▸ **RECORDS TO PROCESS**
━━━━

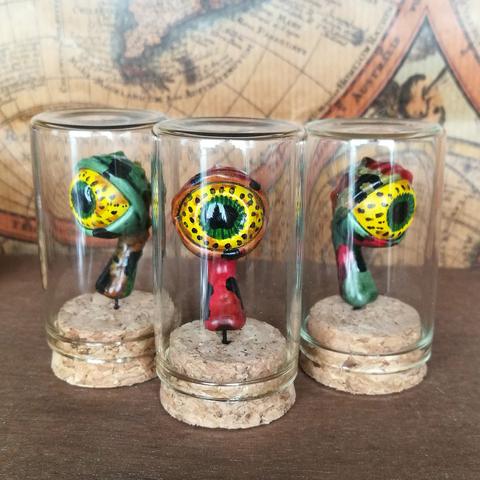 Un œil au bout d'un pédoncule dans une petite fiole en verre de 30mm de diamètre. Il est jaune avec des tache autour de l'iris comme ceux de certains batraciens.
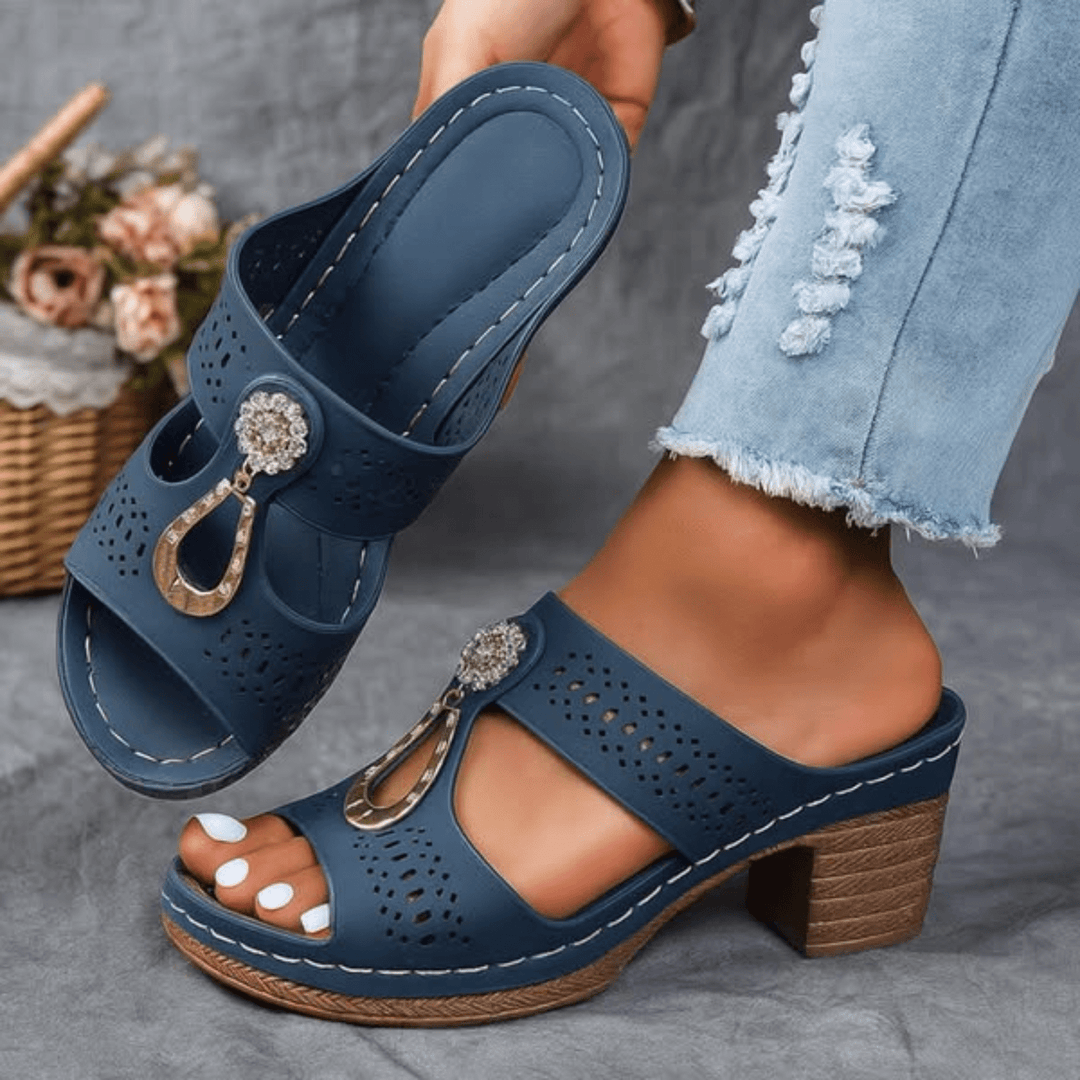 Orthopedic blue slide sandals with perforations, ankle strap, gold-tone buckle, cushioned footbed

━━━━

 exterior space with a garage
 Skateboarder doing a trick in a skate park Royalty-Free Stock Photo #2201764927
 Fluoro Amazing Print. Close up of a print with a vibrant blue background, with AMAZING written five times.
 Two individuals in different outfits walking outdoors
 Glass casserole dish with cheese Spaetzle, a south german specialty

━━━━

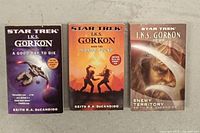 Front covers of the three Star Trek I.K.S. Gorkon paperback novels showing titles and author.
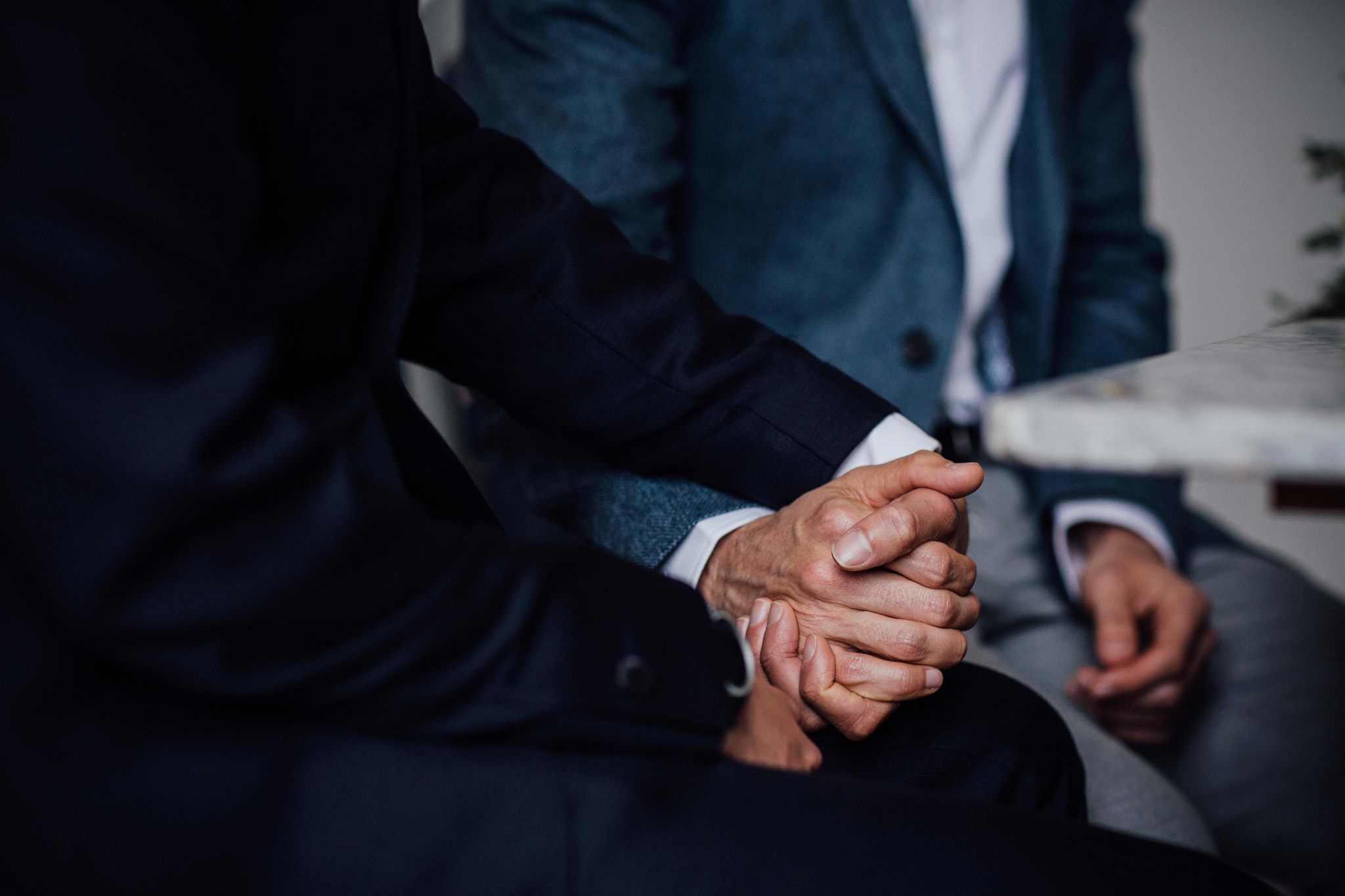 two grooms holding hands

━━━━

▸ **ACTION ITEM**
Of all the material above, only the lines from the one that has "Un œil au bout" down to the one that has "Orthopedic blue slide" are to be written out, exactly and with both ends included. Pictures are skipped.

▸ **RESULT FOR THIS EXERCISE**
 Un œil au bout d'un pédoncule dans une petite fiole en verre de 30mm de diamètre. Il est jaune avec des tache autour de l'iris comme ceux de certains batraciens.
 Orthopedic blue slide sandals with perforations, ankle strap, gold-tone buckle, cushioned footbed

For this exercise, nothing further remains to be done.